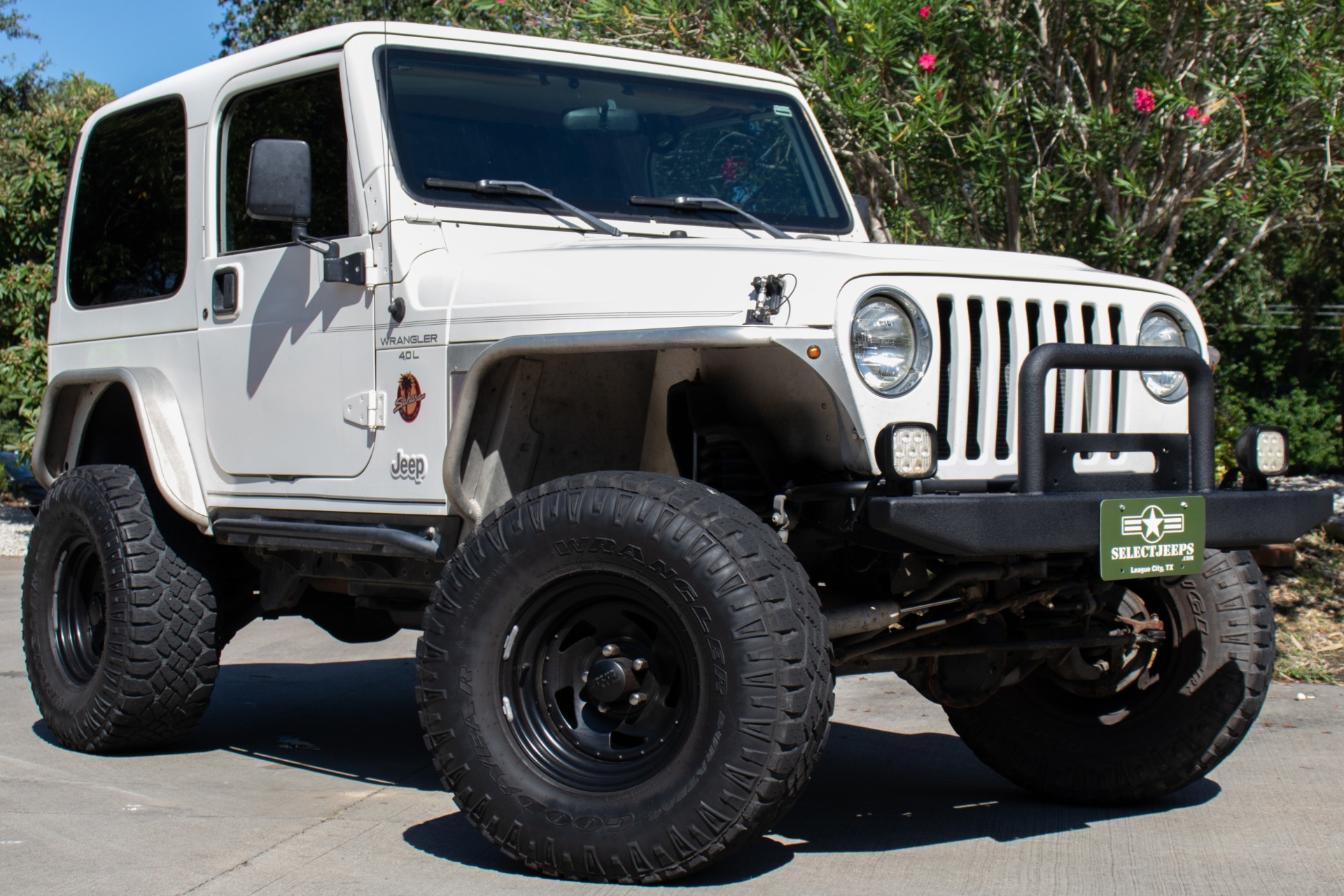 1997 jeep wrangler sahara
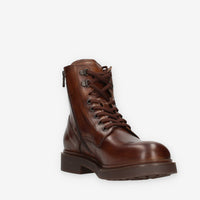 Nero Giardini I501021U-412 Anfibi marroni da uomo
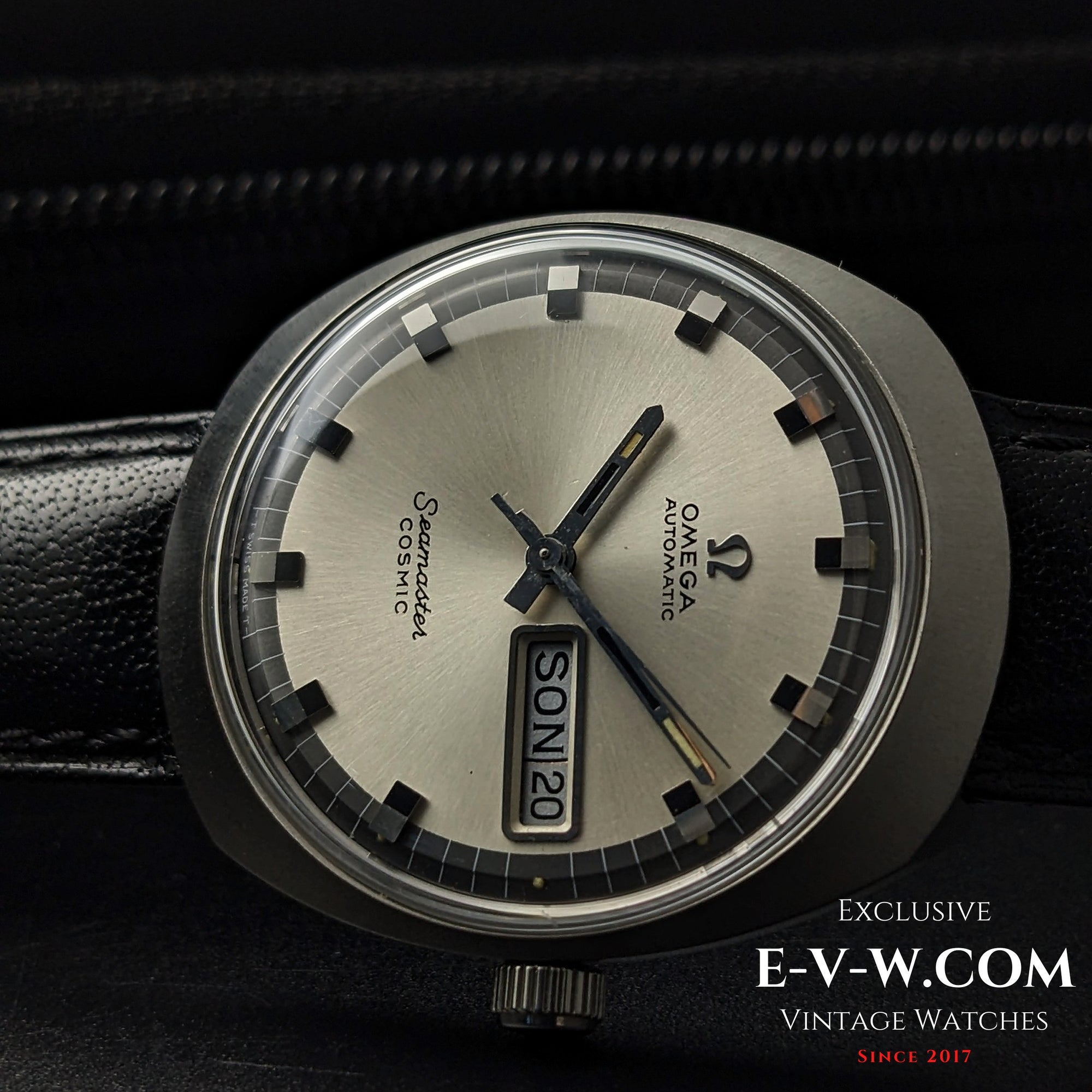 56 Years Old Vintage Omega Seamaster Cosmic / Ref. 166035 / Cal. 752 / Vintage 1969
######
__What you will do__. Without changing a word, retype the data above and omit its pictures.

__Written solution__.
 1997 jeep wrangler sahara
 Nero Giardini I501021U-412 Anfibi marroni da uomo
 56 Years Old Vintage Omega Seamaster Cosmic / Ref. 166035 / Cal. 752 / Vintage 1969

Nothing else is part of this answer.